# [What you are asked to do]
Go through the data below and repeat it exactly, skipping each picture.

Start of Dataset excerpt

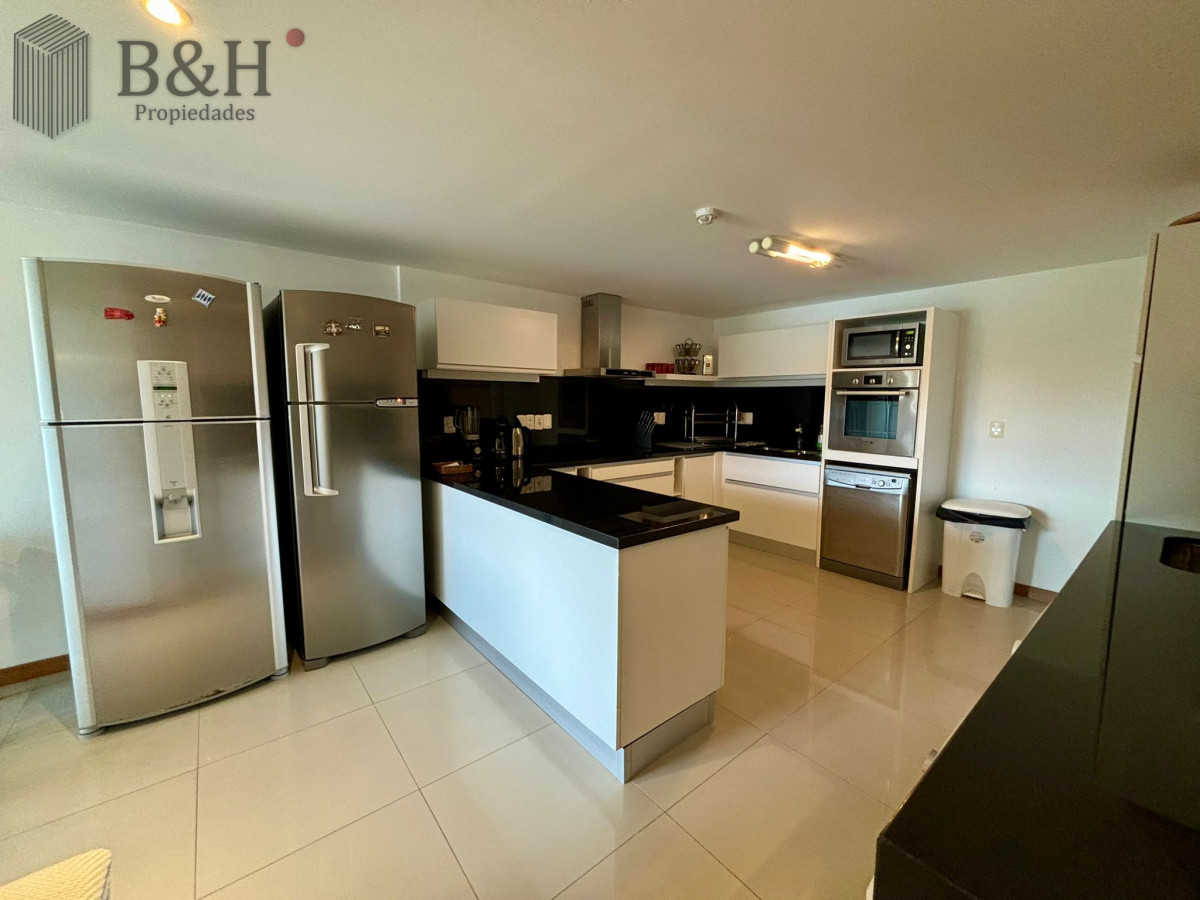 Apartamento ID.3132 - Apartamento en alquiler anual o temporal, de 3 dormitorios y servicio, en playa Brava! 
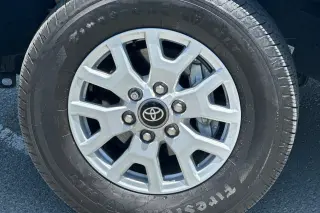 Toyota Tacoma 2025 4x4 SR5 4dr Double Cab 5.0 ft SB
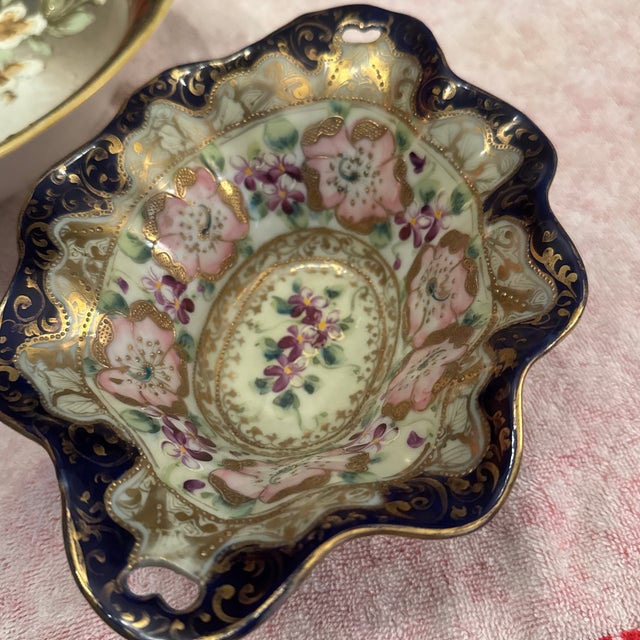 Early 20th Century Antique Japanese Nippon Hand-Painted Porcelain Bowl Set - 3 Pieces For Sale - Image 5 of 10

End of Dataset excerpt

# [Response]
 Apartamento ID.3132 - Apartamento en alquiler anual o temporal, de 3 dormitorios y servicio, en playa Brava! 
 Toyota Tacoma 2025 4x4 SR5 4dr Double Cab 5.0 ft SB
 Early 20th Century Antique Japanese Nippon Hand-Painted Porcelain Bowl Set - 3 Pieces For Sale - Image 5 of 10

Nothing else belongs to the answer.